The variables can be set with the YaST sysconfig editor (see
Section 14.3.1, Changing the System Configuration Using the YaST sysconfig Editor). The value of such a variable
contains the language code, country code, encoding, and modifier. The
individual components are connected by special characters:
LANG=<language>[[_<COUNTRY>].<Encoding>[@<Modifier>]]
16.4.1 Some Examples
You should always set the language and country codes together. Language
settings follow the standard ISO 639 available at
https://www.evertype.com/standards/iso639/iso639-en.html
and https://www.loc.gov/standards/iso639-2/. Country codes
are listed in ISO 3166 available at
https://www.din.de/gremien/nas/nabd/iso3166ma/codlstp1/en_listp1.html.
It only makes sense to set values for which usable description files can
be found in /usr/lib/locale. Additional description
files can be created from the files in
/usr/share/i18n using the command
localedef. The description files are part of the
glibc-i18ndata package. A description file for
en_US.UTF-8 (for English and United States) can be
created with:
localedef -i en_US -f UTF-8 en_US.UTF-8
-
LANG=en_US.UTF-8
-
This is the default setting if American English is selected during
installation. If you selected another language, that language is
enabled but still with UTF-8 as the character encoding.
-
LANG=en_US.ISO-8859-1
-
This sets the language to English, country to United States, and the
character set to ISO-8859-1. This character set
does not support the Euro sign, but it can be useful sometimes for
programs that have not been updated to support
UTF-8. The string defining the charset
(ISO-8859-1 in this case) is then evaluated by
programs like Emacs.
- LANG=en_IE@euro
-
The above example explicitly includes the Euro sign in a language
setting. Strictly speaking, this setting is obsolete now, because
UTF-8 also covers the Euro symbol. It is only useful if an application
does not support UTF-8, but ISO-8859-15.
SuSEconfig reads the variables in
/etc/sysconfig/language and writes the necessary
changes to /etc/SuSEconfig/profile and
/etc/SuSEconfig/csh.cshrc.
/etc/SuSEconfig/profile is read or
sourced by /etc/profile.
/etc/SuSEconfig/csh.cshrc is sourced by
/etc/csh.cshrc. This makes the settings available
systemwide.
Users can override the system defaults by editing their
~/.bashrc accordingly. For instance, if you do not
want to use the systemwide en_US for program messages,
include LC_MESSAGES=es_ES so messages are
displayed in Spanish instead.
16.4.2 Locale Settings in ~/.i18n
If you are not satisfied with locale system defaults, change the settings
in ~/.i18n according to the Bash scripting syntax.
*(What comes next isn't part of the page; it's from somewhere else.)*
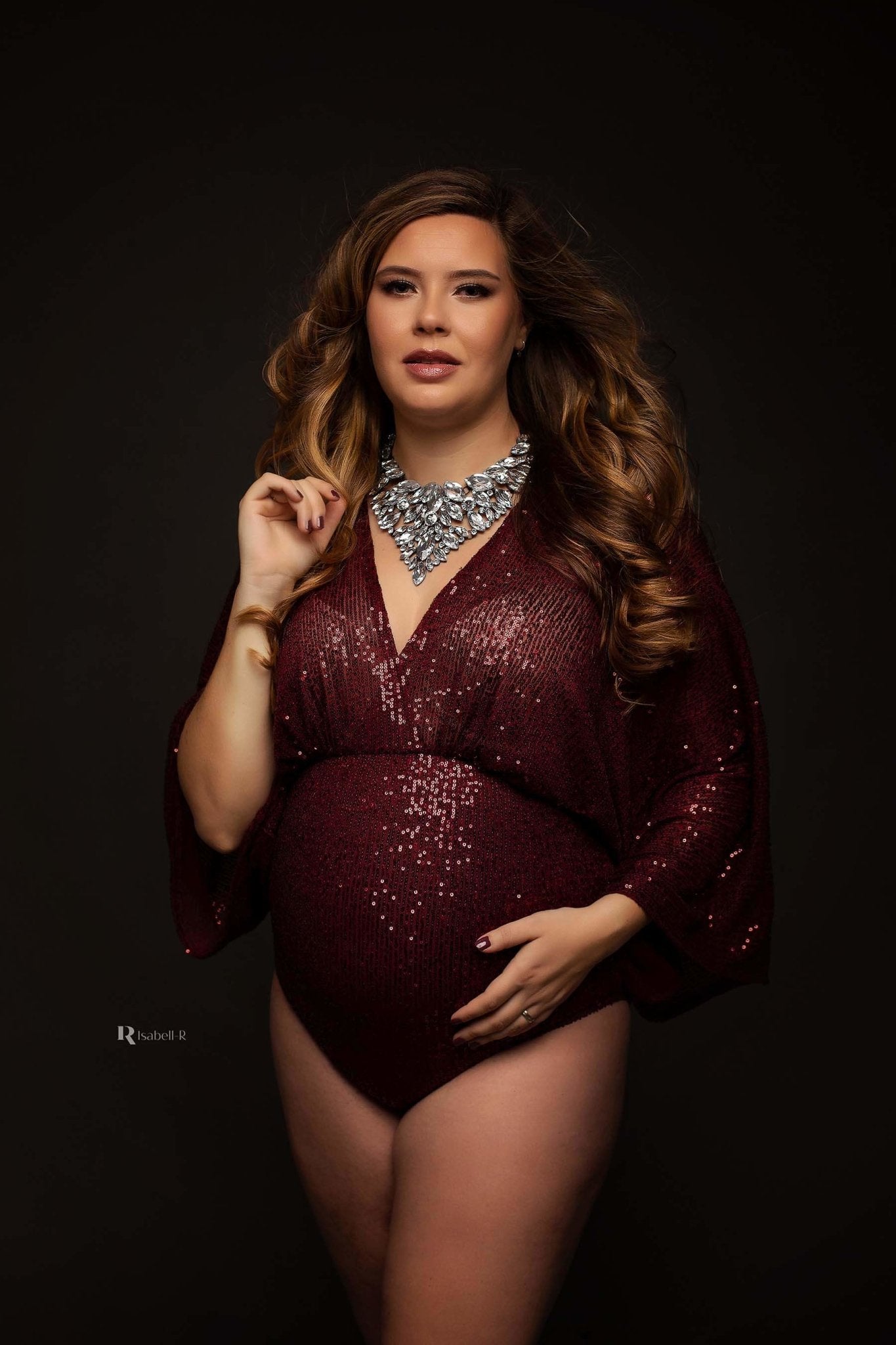 A woman with long brown hair is wearing a bordeaux sparkle bodysuit. The bodysuit is boho styled. She has one hand by her belly and one in her hair. Her nails are painted in the colour red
Entries in ~/.i18n override system defaults from
/etc/sysconfig/language. Use the same variable names
but without the RC_ namespace prefixes, for example,
use LANG instead of RC_LANG:
LANG=cs_CZ.UTF-8
LC_COLLATE=C
16.4.3 Settings for Language Support
Files in the category Messages are, as a rule, only
stored in the corresponding language directory (like
en) to have a fallback. If you set
LANG to en_US and the message
file in /usr/share/locale/en_US/LC_MESSAGES does not
exist, it falls back to
/usr/share/locale/en/LC_MESSAGES.
A fallback chain can also be defined, for example, for Breton to French
or for Galician to Spanish to Portuguese:
LANGUAGE="br_FR:fr_FR"
LANGUAGE="gl_ES:es_ES:pt_PT"
If desired, use the Norwegian variants Nynorsk and Bokmål instead (with
additional fallback to no):
LANG="nn_NO"
LANGUAGE="nn_NO:nb_NO:no"
or
LANG="nb_NO"
LANGUAGE="nb_NO:nn_NO:no"
Note that in Norwegian, LC_TIME is also treated
differently.
One problem that can arise is a separator used to delimit groups of
digits not being recognized properly. This occurs if
LANG is set to only a two-letter language code
like de, but the definition file glibc uses is located
in /usr/share/lib/de_DE/LC_NUMERIC. Thus
LC_NUMERIC must be set to
de_DE to make the separator definition visible to the
system.
16.4.4 For More Information
-
The GNU C Library Reference Manual, Chapter
Locales and Internationalization
. It is included in
glibc-info.
-
Markus Kuhn, UTF-8 and Unicode FAQ for Unix/Linux,
currently at
https://www.cl.cam.ac.uk/~mgk25/unicode.html.
-
Unicode-Howto, by Bruno Haible:
/usr/share/doc/howto/en/html/Unicode-HOWTO.html.